Copy out every line of the data exactly; do not include the images.

§ Data below
═══
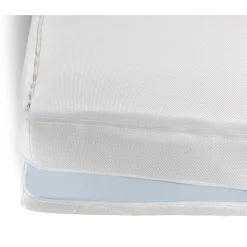 Zzzoo airgosafe Koala ledikantmatras incl topper - 60x120cm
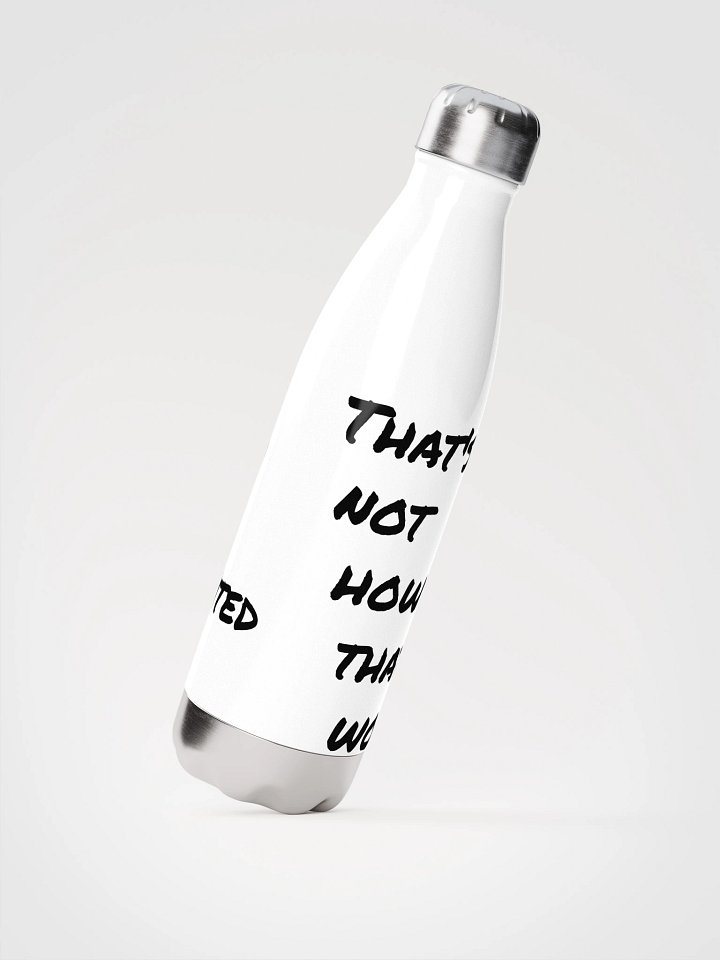 Stainless Steel Water Bottles product image (2)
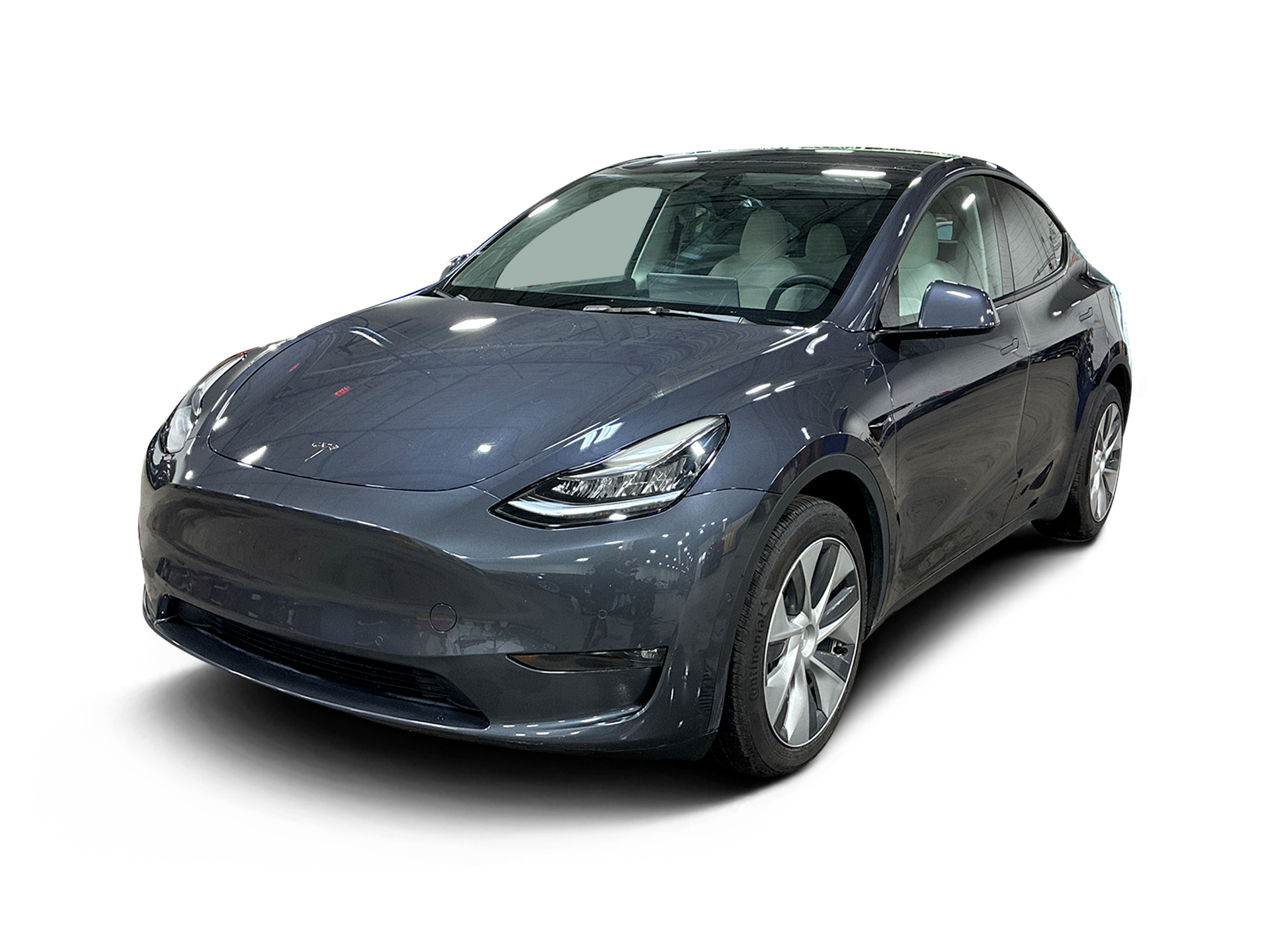Used 2022 Tesla Model Y Long Range with VIN 7SAYGDEE2NF408540 for sale in Northfield, Minnesota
═══
§ Solved problem
 Zzzoo airgosafe Koala ledikantmatras incl topper - 60x120cm
 Stainless Steel Water Bottles product image (2)
Used 2022 Tesla Model Y Long Range with VIN 7SAYGDEE2NF408540 for sale in Northfield, Minnesota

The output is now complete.